THE PROBLEM » The task for the listing below is to write out exactly the lines starting at the one containing "Shaggy vs Axolotl Battle" and ending at the one containing "Headphones Case Compatible", both included. Pictures are to be omitted.

DATA FOR THIS EXERCISE »
----
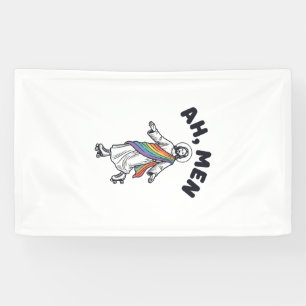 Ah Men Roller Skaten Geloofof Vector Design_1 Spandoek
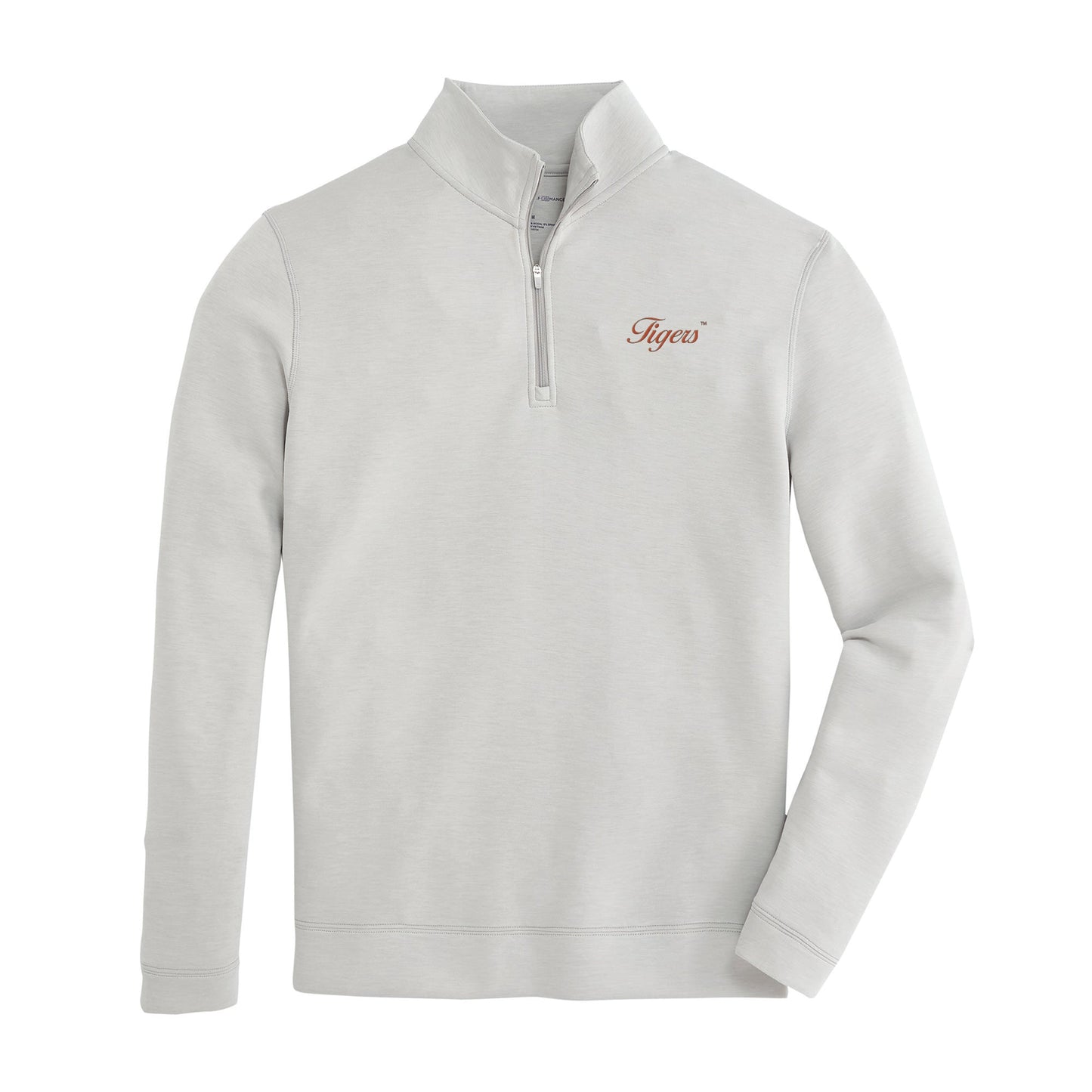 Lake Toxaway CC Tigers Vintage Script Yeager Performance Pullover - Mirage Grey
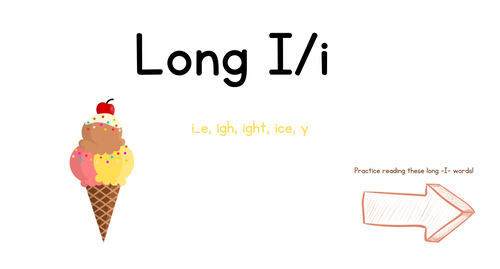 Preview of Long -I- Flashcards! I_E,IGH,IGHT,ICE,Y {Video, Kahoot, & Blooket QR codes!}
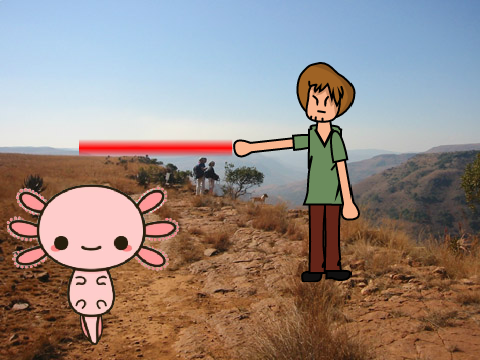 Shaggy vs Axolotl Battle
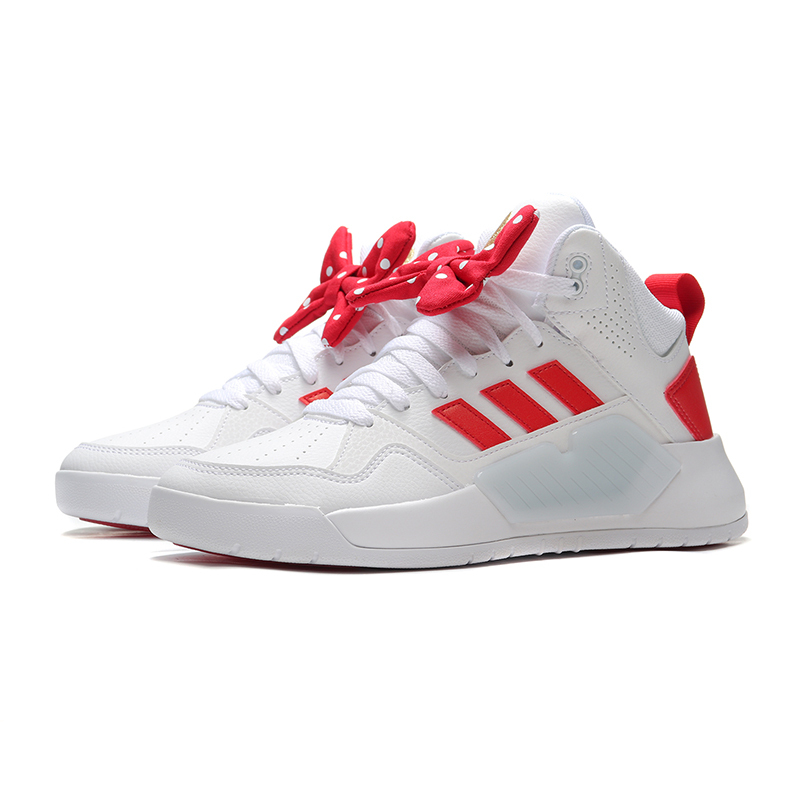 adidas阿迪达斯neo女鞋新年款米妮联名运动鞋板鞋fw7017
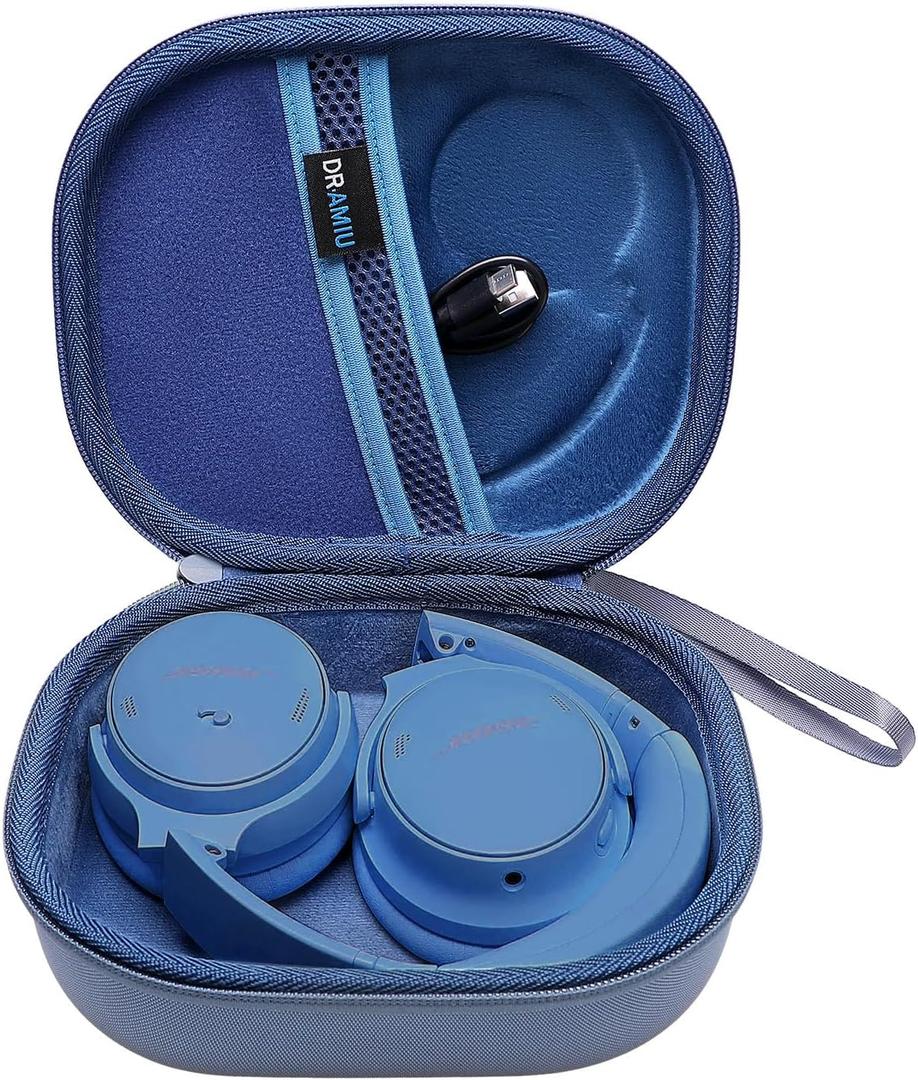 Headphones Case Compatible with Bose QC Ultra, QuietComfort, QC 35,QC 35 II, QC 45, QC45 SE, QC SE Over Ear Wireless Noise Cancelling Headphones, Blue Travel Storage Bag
----
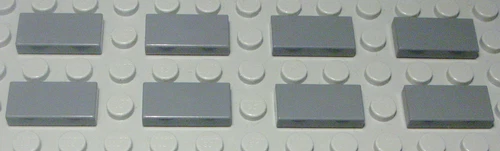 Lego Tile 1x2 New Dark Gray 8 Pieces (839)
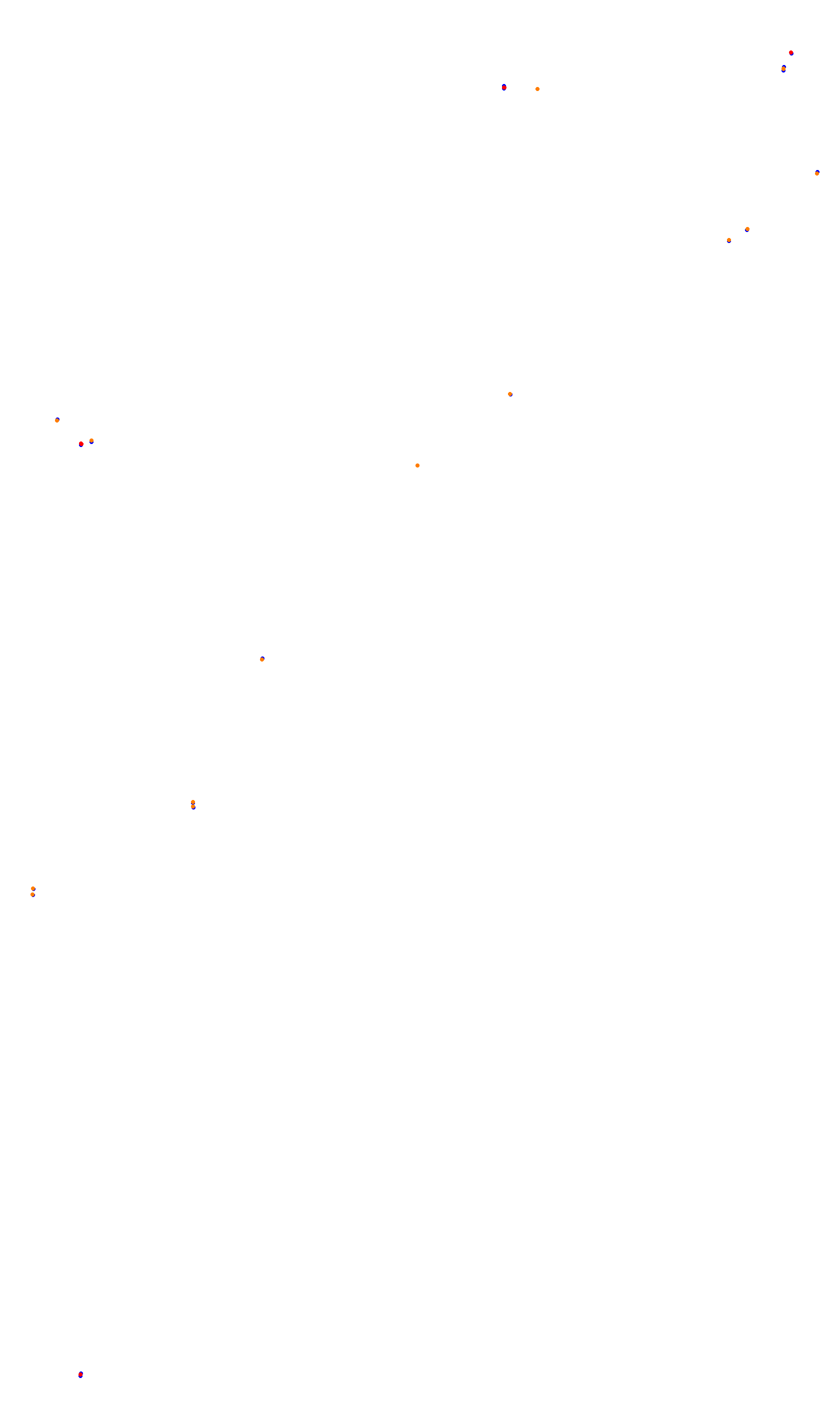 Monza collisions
----
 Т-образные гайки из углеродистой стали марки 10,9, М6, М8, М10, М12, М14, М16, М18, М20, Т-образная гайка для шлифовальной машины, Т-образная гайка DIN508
----
ANSWER TO THIS EXERCISE »
 Shaggy vs Axolotl Battle
 adidas阿迪达斯neo女鞋新年款米妮联名运动鞋板鞋fw7017
 Headphones Case Compatible with Bose QC Ultra, QuietComfort, QC 35,QC 35 II, QC 45, QC45 SE, QC SE Over Ear Wireless Noise Cancelling Headphones, Blue Travel Storage Bag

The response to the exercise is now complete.